Géraldine Pflieger est professeur associé en politiques urbaines et environnementales à l'Université de Genève (Département de sciences politiques et relations internationales et Institut des sciences de l'environnement) et directrice du Pôle de gouvernance environnementale et de développement territorial (P/IGEDT). Elle dirige également la Chaire UNESCO d'hydrologie. Ses recherches portent sur les régulations des ressources naturelles partagées (principalement l'eau et le sol) aux niveaux international, régional et local (plus d'informations sur le site de l'UNIGE).
Territorialités en conflit pour la gouvernance de l'eau (Talk in French)

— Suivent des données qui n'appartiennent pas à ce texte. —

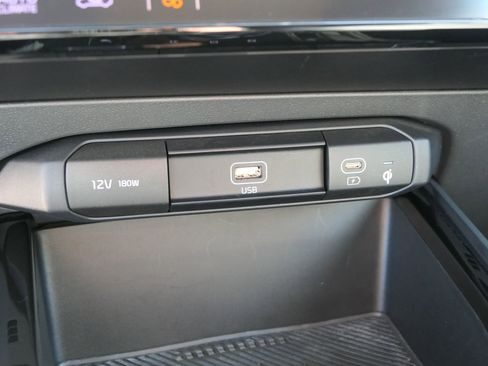 Certified 2023 Kia Niro EX image 20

Si les tensions et conflits sont nombreux entre Etats pour la gestion et le partage des ressources en eau, des tensions tout aussi fortes mais sans doute plus discrètes émergent entre différentes approches territoriales de la gouvernance de l'eau. Depuis le XIXème siècle, la doctrine Harmon a pu prévaloir, reconnaissant à chaque État une souveraineté pleine et entière sur les ressources en eau et les encourageant à coopérer pour prévenir les conflits. Mais, depuis la seconde moitié du XXème siècle, on note que trois grands types de territorialités entrent en tension et ce de façon croissante :
- Ce que nous qualifions d'hyper-territorialisation tout d'abord avec la relance de stratégies extractives des États et le retour de nationalismes hydriques sur tous les continents. Cette tendance est corrélée à l'élévation du stress hydrique et au changement climatique qui rend la ressource plus vulnérable et plus rare ;
- L'affirmation d'une néo-territorialisation de la ressource et de l'importance d'une gestion à l'échelle de systèmes hydriques ou de bassins versant qui transcende les limites des espaces institutionnels classiques. C'est l'émergence de syndicats de gestion, d'instances de bassin, d'organismes transfrontaliers de coordination, sous l'influence de corporations d'ingénieurs ou d'organisations environnementales qui mettent en exergue l'intérêt de dépasser une gouvernance fragmentée de la ressource et le besoin d'entités politiques spécifiques de gestion de la ressource.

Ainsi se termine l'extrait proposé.